R&B singer Andra also released a Christmas album in 2007, entitled "Vis de iarnă" (Winter Dream). The title single benefited from a music video in which Andra is traveling home to gather with her family for Christmas. Singer Elena Gheorghe also covered the song "Silent Night, and alongside band Mandinga released a Christmas album "De Craciun".

Pop music duo André also released a Christmas EP in late 2000. It is entitled "Noapte de Vis" and it contains both Christmas-related song and other songs. The title single is also known as "Moşule, ce tânăr eşti!" (How you are, Santa!) was described more as a dance-pop club hit than as a Christmas song even peaking at number-one on the Romanian Top 100.

In late 2009, Bănică, Jr starred in a Christmas movie — "Ho, Ho, Ho!". Its soundtrack was released the same year and it featured Christmas-related songs, including a Top 100 single "Ho, Ho, Ho!". It was released under MediaPro Music. Label fellow Horia Brenciu also had some Christmas hits in the Airplay Chart, for example, "Noapte de Crăciun". Also in 2009, worldwide house sensation Inna released an A Side / B side digital single containing a cover of "O, ce veste minunată!" and an original recording, "I Need You for Christmas". The latter one became the only Romanian Christmas songs to break the borders as it entered the Russian Airplay Chart and the UK Singles Chart as well as the Romanian Top 100. In 2011 LaLa Band premiered a Christmas album on December 1.

A lot of compilations have been released for Christmas in Romania, for example, the "I Need You for Christmas" series.
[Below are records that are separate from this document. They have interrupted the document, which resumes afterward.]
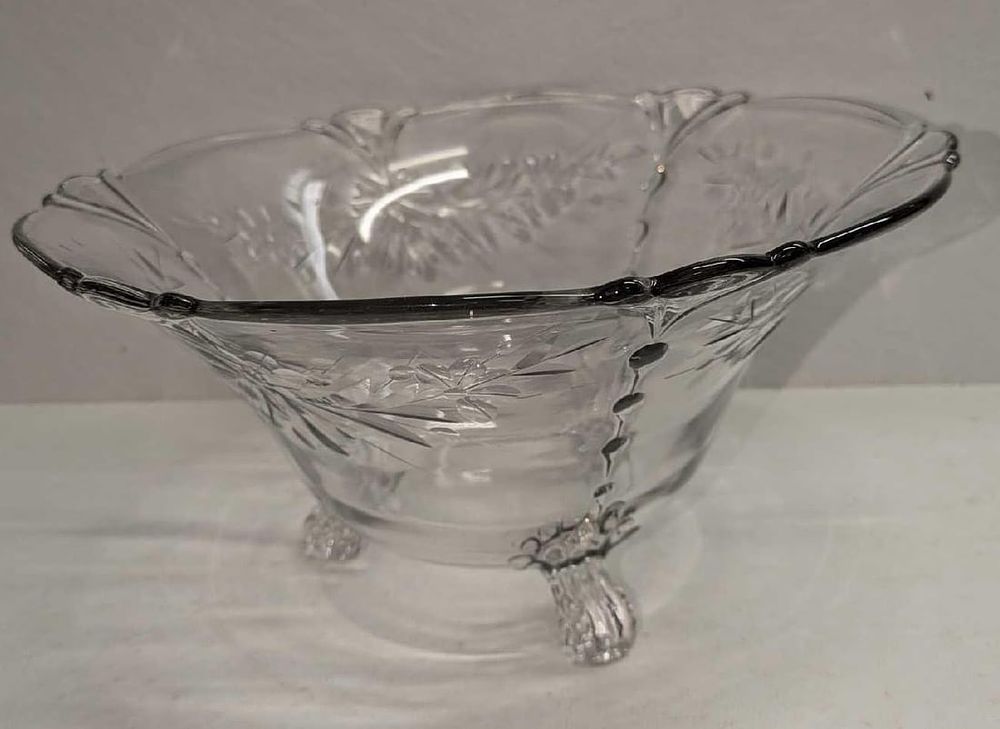 Lot 477: Vintage Etched Glass Footed Bowl
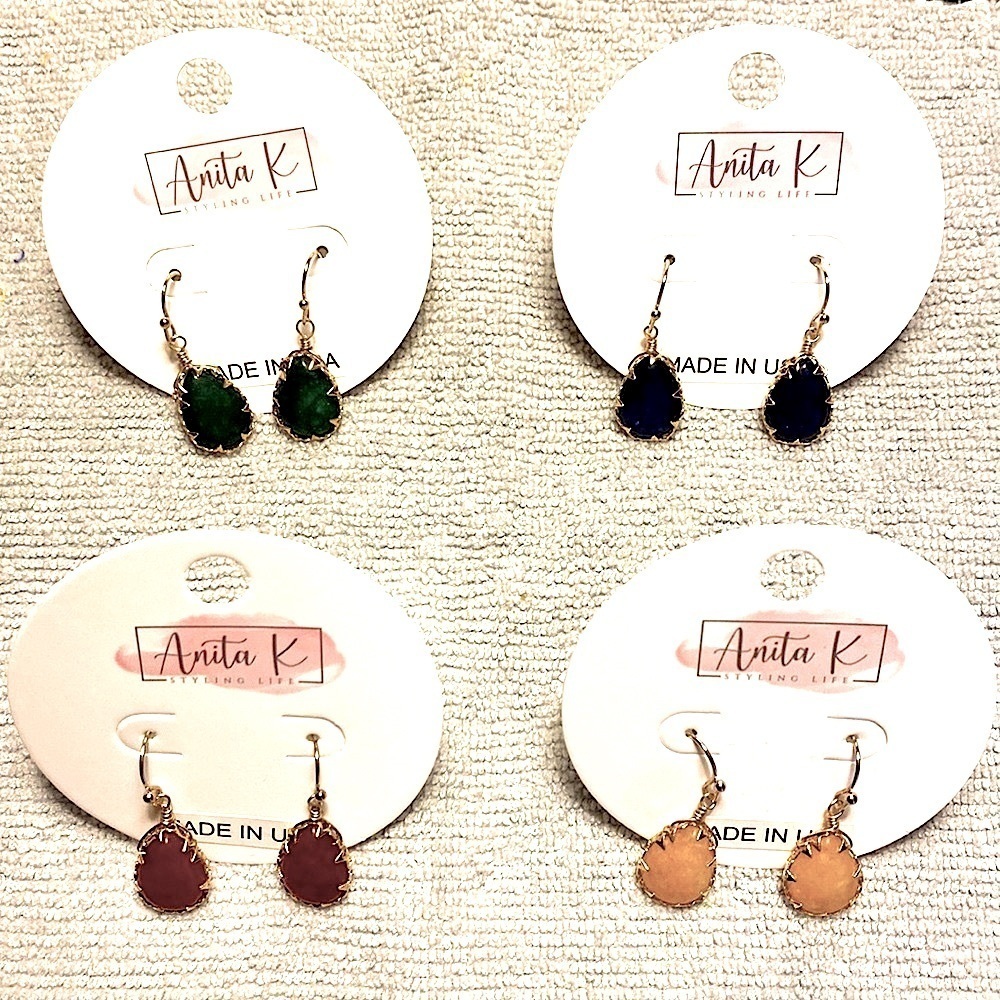 💫$10 add on.  Deep Navy/black Drop Stone Delicate Earrings.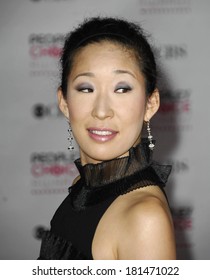 Sandra Oh At 33rd Annual People's Choice Awards - ARRIVALS, The Shrine Auditorium, Los Angeles, CA, January 09, 2007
Radio station Magic FM only broadcasts Christmas songs exclusively from December 5 to January 5 starting 2008. They name themselves "Santa Claus' Radio Station".

Starting in 2010, a special Airplay Chart started being shown yearly - Holiday Airplay Chart. Moreover, as a result to season's conjunction, Mariah Carey scored four entries the same week in December 2010 on the Romanian Top 100 with "Silent Night", "Santa Claus Is Coming to Town", "All I Want for Christmas Is You" and "Oh Santa!" all charted simultaneously (the record was previously held by Michael Jackson after his death in 2009 but it was once again broken in 2011 by Rihanna (with five entries). Christmas albums are also record-breakers. In 2010 Carey's album "Merry Christmas II You" broke all records by selling over 10,000 albums in one week. The record was then broken by Lady Gaga's "Born This Way" just to be broken once again by another Christmas album in 2011 when Justin Bieber's "Under the Mistletoe" sold over 12,000 units in one week. It was later on broken by yet another Christmas album by Michael Bublé simply entitled "Christmas" album that sold over 15,000 copies in a singular week. By now it is one of this year's biggest-selling albums with over 30,000 units sold in less than a month and a half.

Christmas food 

During Christmas, Romanians bake or buy various special dishes, including desserts and sweets. Romanians most usually bake Cozonac (spongecake), a kind of Panetone made of flour, yolks, yeast and many other ingredients, flavors, condiments and additions. There are several types of spongecakes, with hundreds of recipes. You can either knead it for hours to be ready in 6 hours, or you can let it rise for 1 hour to avoid kneading it. You can fill the sponge cake with walnuts, cocoa, raisins, Turkish delight and in Transylvania: poppy seed paste (cozonac cu mac). Plates heaped with small pastries and cakes (corni și baclava) are prepared to serve to carollers when they call.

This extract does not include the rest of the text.